> _Material provided_
◇ ◇ ◇ ◇ ◇ ◇ ◇

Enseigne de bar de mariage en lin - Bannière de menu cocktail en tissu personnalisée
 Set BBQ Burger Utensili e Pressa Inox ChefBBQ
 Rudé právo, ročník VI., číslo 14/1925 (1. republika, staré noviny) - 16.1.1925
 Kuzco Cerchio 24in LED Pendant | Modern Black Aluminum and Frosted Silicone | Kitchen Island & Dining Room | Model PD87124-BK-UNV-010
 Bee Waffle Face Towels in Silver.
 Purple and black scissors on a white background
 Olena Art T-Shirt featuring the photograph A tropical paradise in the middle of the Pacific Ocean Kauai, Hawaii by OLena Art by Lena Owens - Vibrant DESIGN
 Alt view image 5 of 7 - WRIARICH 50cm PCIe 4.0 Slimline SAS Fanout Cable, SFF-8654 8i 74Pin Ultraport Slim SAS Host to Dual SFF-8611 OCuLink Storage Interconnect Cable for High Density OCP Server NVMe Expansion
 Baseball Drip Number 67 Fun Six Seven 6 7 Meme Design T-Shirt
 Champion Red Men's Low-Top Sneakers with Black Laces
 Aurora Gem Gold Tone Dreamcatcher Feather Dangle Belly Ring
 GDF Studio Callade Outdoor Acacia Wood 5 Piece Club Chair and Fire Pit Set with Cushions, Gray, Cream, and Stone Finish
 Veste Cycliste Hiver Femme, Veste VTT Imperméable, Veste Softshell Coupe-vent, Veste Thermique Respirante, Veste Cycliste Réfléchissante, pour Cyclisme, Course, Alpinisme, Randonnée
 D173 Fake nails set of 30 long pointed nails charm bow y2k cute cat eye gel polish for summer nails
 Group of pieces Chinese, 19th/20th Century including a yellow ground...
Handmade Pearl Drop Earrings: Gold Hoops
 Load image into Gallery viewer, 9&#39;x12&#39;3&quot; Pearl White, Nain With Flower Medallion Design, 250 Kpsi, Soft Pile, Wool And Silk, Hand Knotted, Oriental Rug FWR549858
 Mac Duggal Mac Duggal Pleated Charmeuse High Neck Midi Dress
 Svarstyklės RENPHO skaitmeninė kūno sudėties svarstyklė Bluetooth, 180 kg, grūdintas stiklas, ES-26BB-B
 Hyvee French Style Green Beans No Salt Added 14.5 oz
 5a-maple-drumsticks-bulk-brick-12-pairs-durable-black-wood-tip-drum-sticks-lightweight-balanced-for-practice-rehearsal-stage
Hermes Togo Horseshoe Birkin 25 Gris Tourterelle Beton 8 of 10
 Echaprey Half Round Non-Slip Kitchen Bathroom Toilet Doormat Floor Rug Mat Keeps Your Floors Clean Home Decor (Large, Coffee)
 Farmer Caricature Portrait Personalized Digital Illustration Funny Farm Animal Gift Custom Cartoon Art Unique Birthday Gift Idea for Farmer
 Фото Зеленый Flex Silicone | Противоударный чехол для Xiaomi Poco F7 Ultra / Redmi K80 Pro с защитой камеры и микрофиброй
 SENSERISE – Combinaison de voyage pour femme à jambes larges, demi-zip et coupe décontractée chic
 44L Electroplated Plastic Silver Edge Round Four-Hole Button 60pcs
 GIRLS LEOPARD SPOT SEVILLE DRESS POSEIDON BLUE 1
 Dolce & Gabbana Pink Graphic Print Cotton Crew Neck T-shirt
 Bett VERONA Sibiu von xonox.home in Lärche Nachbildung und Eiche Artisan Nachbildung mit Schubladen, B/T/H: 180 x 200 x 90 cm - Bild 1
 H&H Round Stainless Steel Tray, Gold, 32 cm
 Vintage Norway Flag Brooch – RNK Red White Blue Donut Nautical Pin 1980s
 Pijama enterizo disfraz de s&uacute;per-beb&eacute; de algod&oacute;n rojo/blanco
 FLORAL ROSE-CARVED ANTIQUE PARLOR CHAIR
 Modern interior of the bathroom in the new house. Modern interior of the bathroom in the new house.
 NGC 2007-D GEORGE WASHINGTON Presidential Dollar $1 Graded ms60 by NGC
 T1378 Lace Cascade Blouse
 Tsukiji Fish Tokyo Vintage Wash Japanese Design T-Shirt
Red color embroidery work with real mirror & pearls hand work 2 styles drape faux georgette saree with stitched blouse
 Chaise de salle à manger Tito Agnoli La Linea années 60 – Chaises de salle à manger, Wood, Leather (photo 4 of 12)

◇ ◇ ◇ ◇ ◇ ◇ ◇

> _Exercise objective_
Begin at the line that has "Champion Red Men's" in the entries above; stop after the line that has "Handmade Pearl Drop Earrings: Gold Hoops". Transcribe exactly those lines and no others.

> _Solution_
 Champion Red Men's Low-Top Sneakers with Black Laces
 Aurora Gem Gold Tone Dreamcatcher Feather Dangle Belly Ring
 GDF Studio Callade Outdoor Acacia Wood 5 Piece Club Chair and Fire Pit Set with Cushions, Gray, Cream, and Stone Finish
 Veste Cycliste Hiver Femme, Veste VTT Imperméable, Veste Softshell Coupe-vent, Veste Thermique Respirante, Veste Cycliste Réfléchissante, pour Cyclisme, Course, Alpinisme, Randonnée
 D173 Fake nails set of 30 long pointed nails charm bow y2k cute cat eye gel polish for summer nails
 Group of pieces Chinese, 19th/20th Century including a yellow ground...
Handmade Pearl Drop Earrings: Gold Hoops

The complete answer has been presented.